The most remarkable case is perhaps that of human U2 snRNA Ψ43 and Ψ44. These Ψs follow three Ψs at positions 37, 39, and 41 (for review, see Morais et al. 2021). Pseudouridylation of these five Ψs is guided by three different H/ACA RNAs using separate mechanisms: one Ψ by an individual hairpin (one for one; SCARNA15, 3′), two by both hairpins of the same guide RNA (two for two; SCARNA4), and two by a single hairpin (3′) using the newly identified guide RNA acrobatics (one for two; SCARNA8).

Using extensive mutational analysis, the investigators document that the base pairings of the guide RNA with the substrate RNA (i.e., the H/ACA antisense sequences) (Fig. 1B, shaded blue) are the major determinants of the dual guide activity. However, in the case of SNORA53, manipulation of the lower half of the distal stem was sufficient for locking it into configuration A or B (Fig. 1C, shaded gray). Importantly, these determinants of the 5′ hairpin of SNORA53 and those of the 3′ hairpins of SNORA57, SCARNA1, and SCARNA8 are evolutionarily remarkably conserved from humans to fish, underlining the important functional property of the one-for-two mechanism.

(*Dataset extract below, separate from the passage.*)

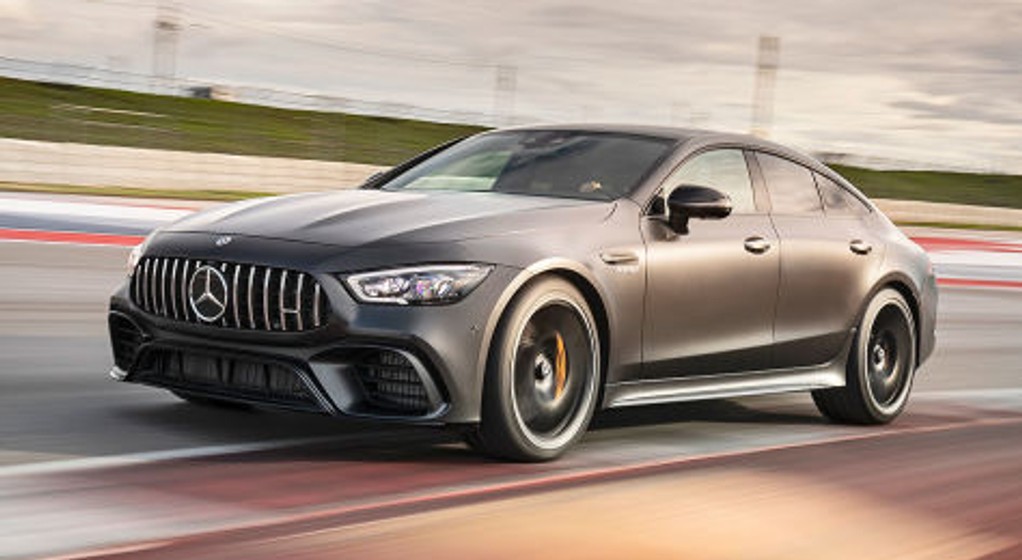 Mercedes-AMG GT 4 z napędem hybrydowym plug-in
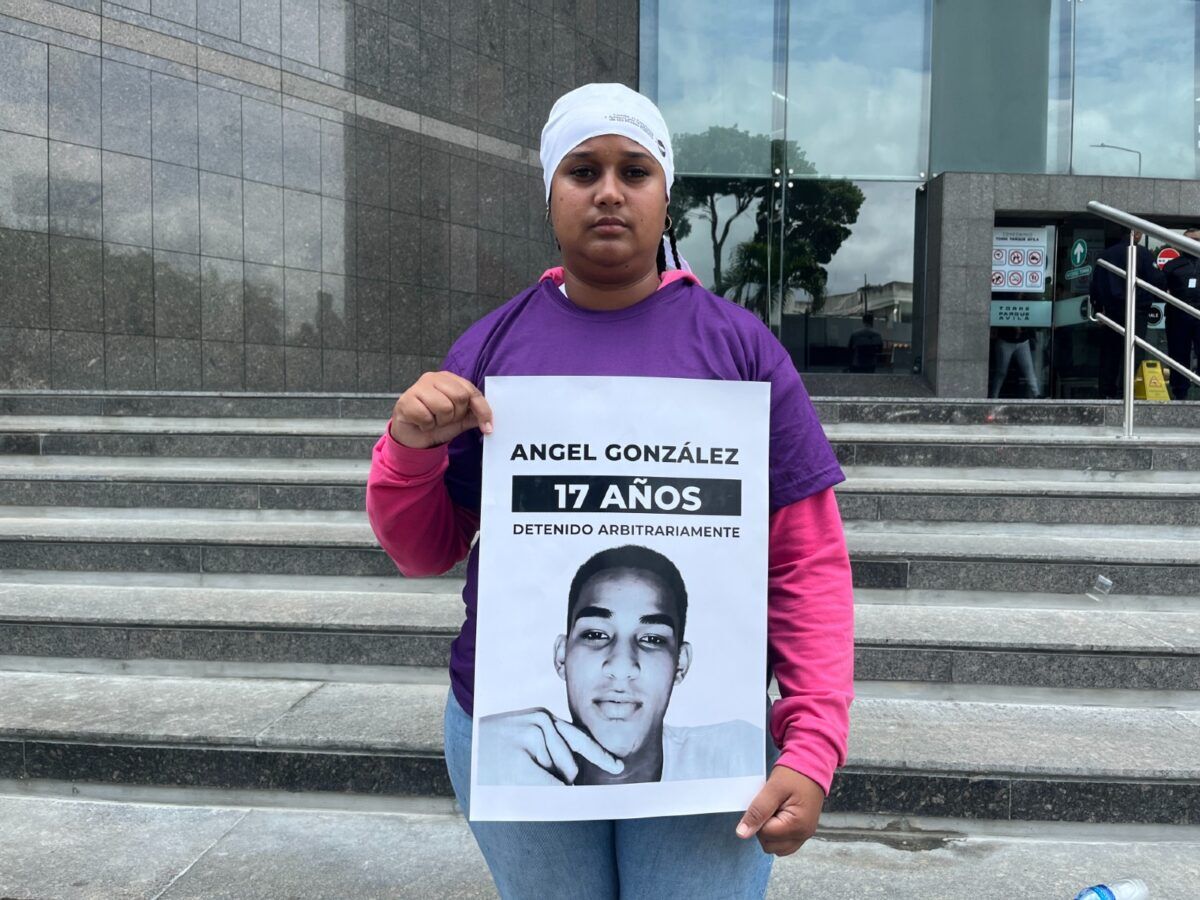 Ignorados por la justicia: cuatro adolescentes permanecen detenidos por razones políticas en Venezuela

The molecular mechanism underlying guide RNA acrobatics will likely take some time to dissect. As suggested by the investigators, the H/ACA RNP core proteins, in particular GAR1, may play a role in RNA rearrangement. Structural analysis of the H/ACA RNP shows GAR1 bound to the guide RNA-associated pseudouridine synthase NAP57, albeit at a distance from NAP57's catalytic aspartate (Li and Ye 2006; Ghanim et al. 2021). Nonetheless, the observation that in an active H/ACA RNP GAR1 is cross-linked to the substrate U puts this protein at the center of catalysis (Wang and Meier 2004). Obviously, many interesting questions remain to be answered regarding the mechanism of guide RNA acrobatics. Is there a specific order to the modification of the two Us? Does it occur in one or two interactions? What regulates the 100% modification level at both sites? Is there a control mechanism to assess pseudouridylation? While we are awaiting answers, guide RNA acrobatics add an exciting novel mechanism to RNA flexibility, structure, and function.